Islamabad: Pakistan pressed India to share evidence from the Mumbai attacks, warning that any effort to prosecute key suspects rounded up in Pakistan will be hamstrung without it. Under pressure from the United States to avoid a crisis, Pakistan has arrested two alleged masterminds of the assault and continued its crackdown on Jamaat-ud-Dawa on Friday.
It clamped down on the Islamic charity after the United Nations branded it a front for Lashkar-e-Taiba, the powerful guerrilla group blamed by India for the Mumbai attacks.
Foreign Minister Shah Mehmood Qureshi said Friday that Pakistan firmly believed that its territory should not be used to commit any act of terrorism.
“However, our own investigations cannot proceed beyond a certain point without provision of credible information and evidence pertaining to Mumbai attacks,” Qureshi said in a televised statement.
India says Pakistan must dismantle the militant group blamed for last month’s attack, which left 173 dead, including nine gunmen, and sharply raised tensions between the nuclear-armed rivals.
Indian authorities have released what they said were the names and Pakistani hometowns of the 10 gunmen who assailed India’s commercial capital over three days. Having interrogated the lone gunman captured alive, Indian investigators allege that the gunmen were trained in camps in Pakistan.
Pakistan complains that its own investigation has had to rely on Indian news reports due to the lack of information coming from authorities. However, Dawn, a respected Pakistani newspaper, reported Friday that its correspondents had tracked down the family of the surviving gunman.
The English-language daily quoted Amir Kasab as saying he was the father of Muhammad Ajmal Kasab, the 21-year-old suspect now held in India. Interviewed in his village of Faridkot, Amir Kasab said his son had disappeared around four years ago.
“I was in denial for the first couple of days, saying to myself it could not have been my son,” the newspaper quoted him as saying. “Now I have accepted it.”
The United States says Lashkar, which grew out of the 1980s resistance to the Soviet occupation of Afghanistan, has developed ties to al-Qaida.

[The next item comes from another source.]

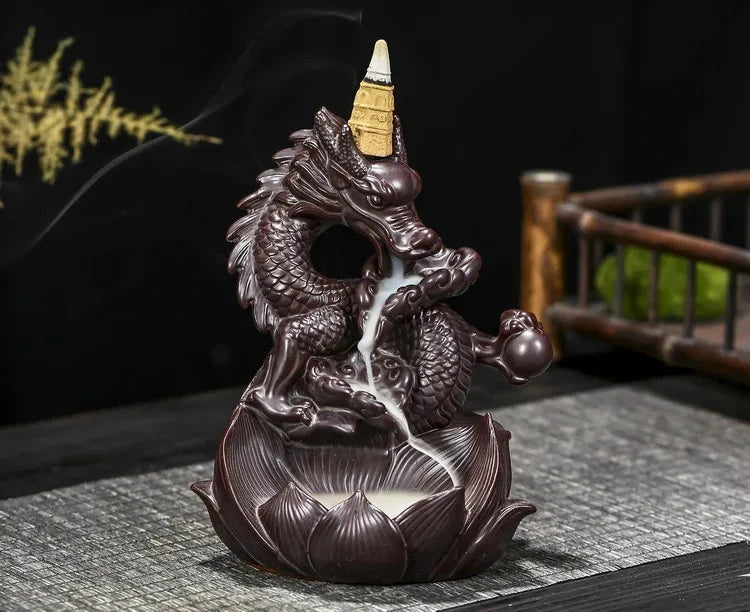 Y The Western Pterosaur Backflow Incense Burner Dragon for Incense Sticks Living Room Smoke Waterfall Incense Base Ceramic Stove - AMULET RING STORE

India accuses it of involvement in a string of attacks on its territory and alleges that Pakistani intelligence continues to back it - a charge vehemently denied in Islamabad.

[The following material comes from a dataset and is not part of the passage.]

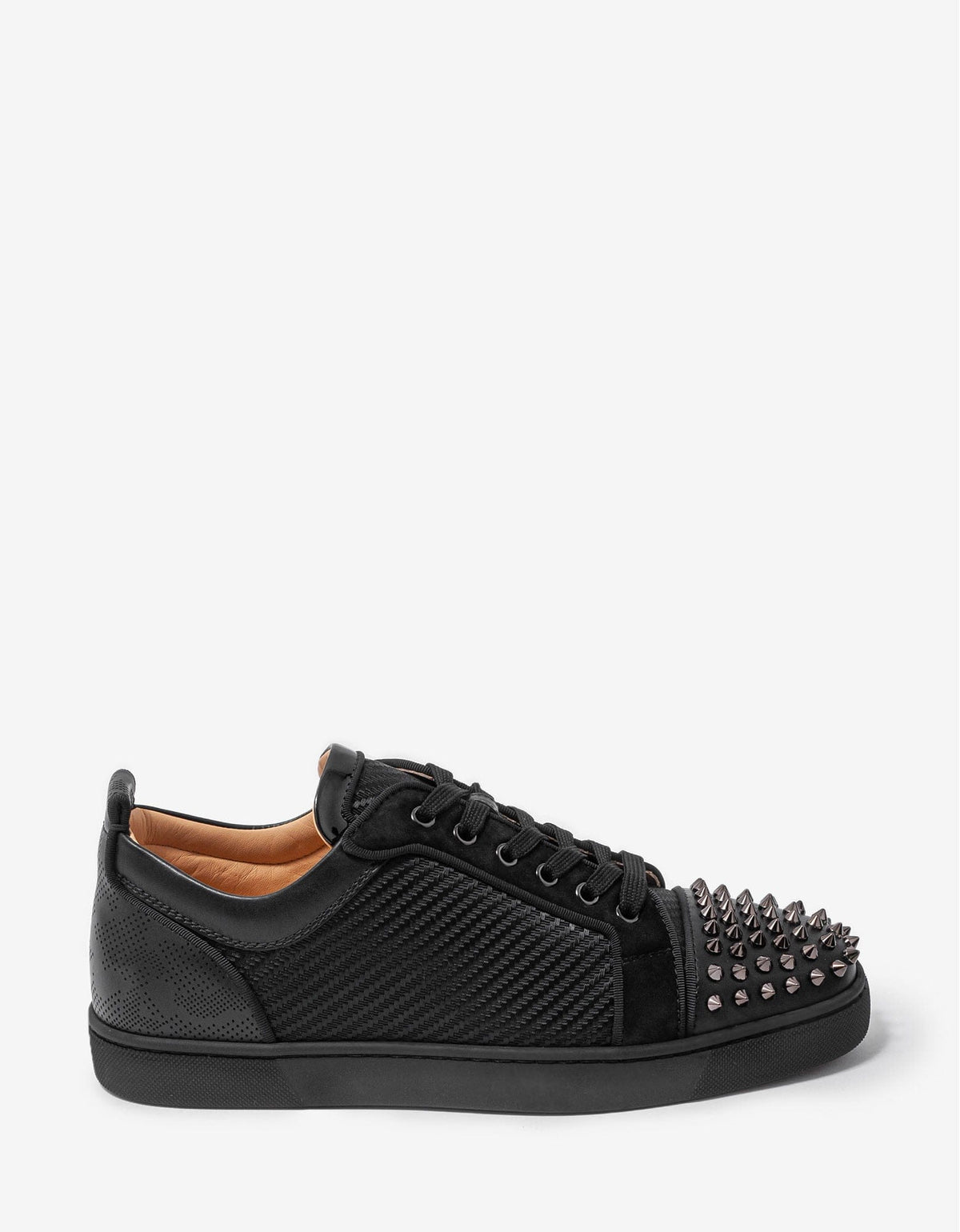 Christian Louboutin Louis Junior Spikes Orlato Black Jacquard Trainers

However, Lashkar’s main focus has been fighting Indian troops in Kashmir.
Islamic charity Jamaat-ud-Dawa says it cut its ties with Lashkar when the latter was banned by then-President Pervez Musharraf in 2002. But the United Nations on Wednesday said Jamaat-ud-Dawa was no more than a front.
The next day, Pakistani authorities put the charity’s leader, Lashkar founder Hafiz Muhammad Saeed, under house arrest, sealed its offices around the country and ordered banks to freeze its assets.
The clampdown continued Friday, with police and officials from the charity reporting that dozens of its offices were closed in northwest and southern Pakistan. Attique Chohan, a Jamaat-ud-Dawa spokesman in North West Frontier Province, claimed scores of activists were arrested. .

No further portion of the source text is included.